Mixed Training Faulted
Discipline has decreased. Recruits are called "lazy," "selfish," and "out of shape," according to The Washington Times.
CBS News Correspondent Dan Raviv reports the conservative newspaper blames it on the Clinton Administration's decision five years ago to have men and women take basic training together.
The Times says an overwhelming number of drill-sergeants and other supervisors criticized today's generation of military inductees. Only 11 percent made "positive" comments.
The Pentagon, in response, tells CBS Radio News the military has high-quality recruits, and standards have not been lowered. "Of course, we're competing against a booming economy," the Defense Department admitted in a statement, "but our quality has not dropped."
Defense also pointed out a basic factual error in the Times story: The Air Force began "gender-integrated" basic training in 1976, the Navy in 1992, and parts of the Army in the 1970s. The paper said mixed-gender training began in 1994 throughout the military.
Last month, CBS News reported that the Congressionally appointed Military Training and Gender-Related Issues Commission was recommending that mixed-gender training should continue, despite some problems.
According to the Times, the Commission voted 6-3 to recommend that the Army, Navy and Air Force continue mixed-gender training. The Marine Corps still segregates recruits.

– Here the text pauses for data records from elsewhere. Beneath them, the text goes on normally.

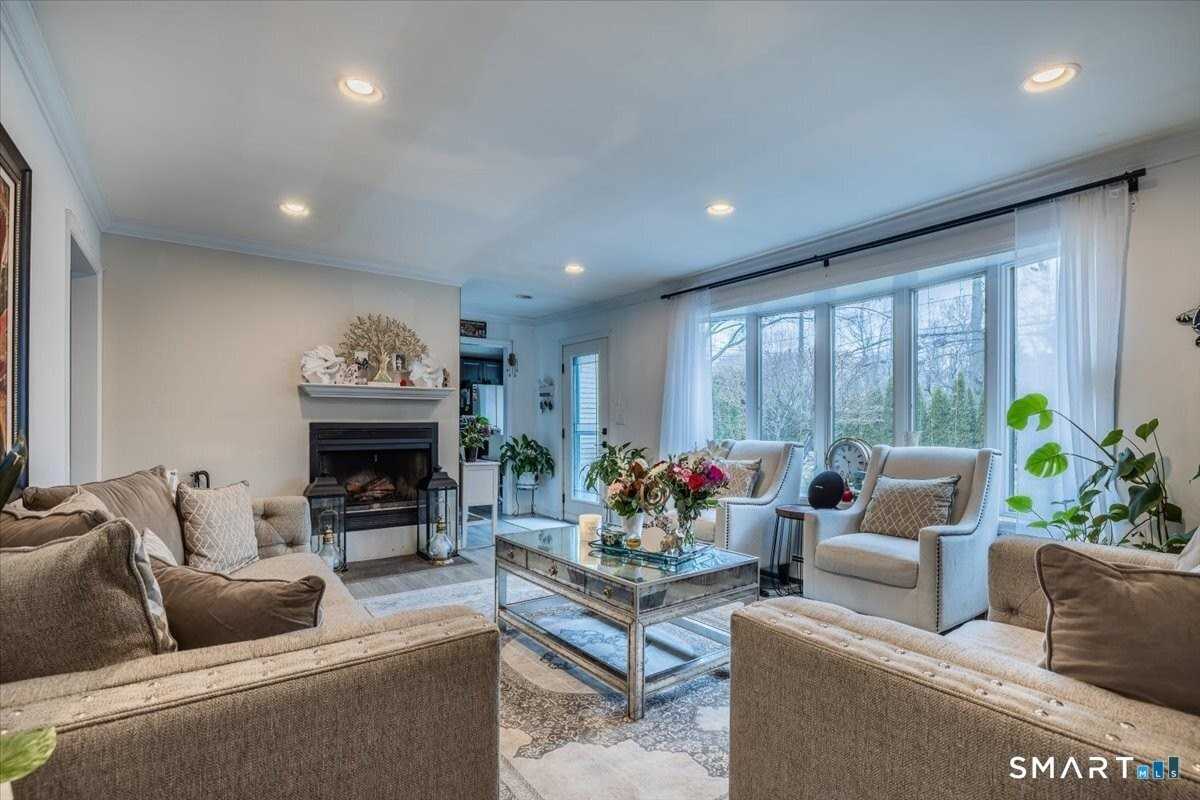 56 Linden St - Photo 6 of 22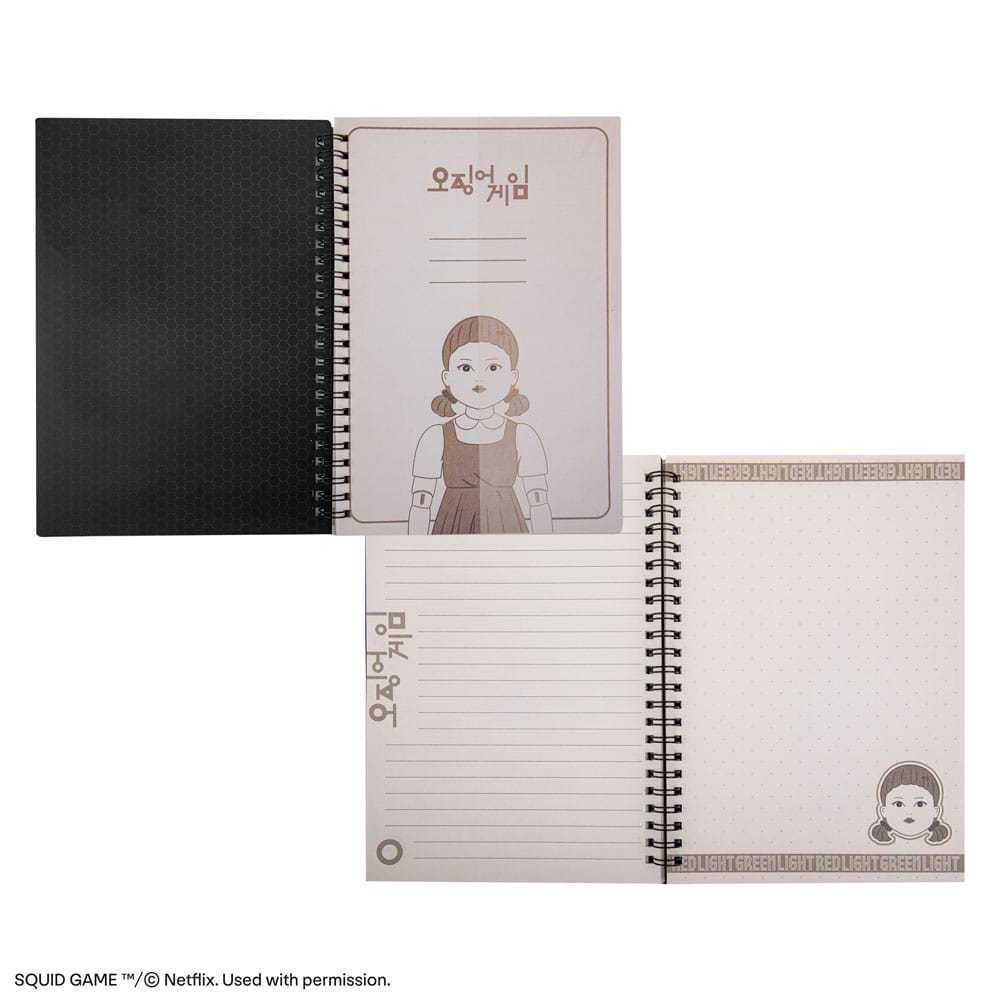 Carnet officiel Squid Game Cinereplicas posé sur une surface, vue d'ensemble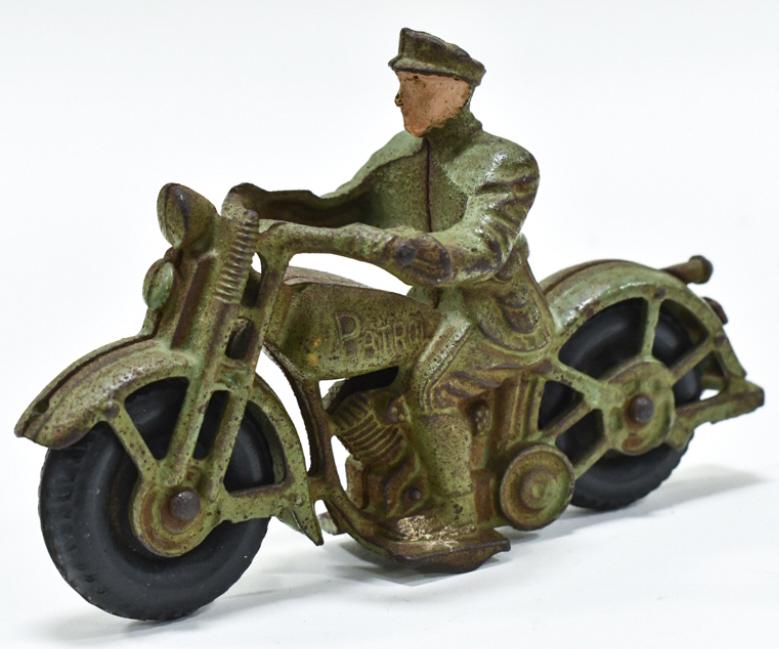 Hubley Cast Iron Police Patrol Motorcycle (1 of 6)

The report obtained by the newspaper did not directly tie the poor discipline to mixed-gender training, but three-fourths of the instructors surveyed did say discipline had decreased during the same five-year period in which men and women trained together.
"Whenever men and women are mixed, one goal is in the male mind, and that is sex," said an unnamed Army trainer in the report, excerpts of which were published Tuesday.
An Army drill sergeant is quoted as saying "I think the gender-integrated training is a contributor to the decline in military discipline."
The Times reports there were only two comments in favor of mixed-gender training.
CBS News Correspondent Dan Raviv |
As for the complaints by the drill instructors about the quality of recruits, the official commented, "Most people might suspect every generation of drill instructors may harbor similar stereotype views of the teen-age generation of their time. It doesn't matter [whether it's] in '60s, '70s, '90s: what is society dumping on my doorstep?"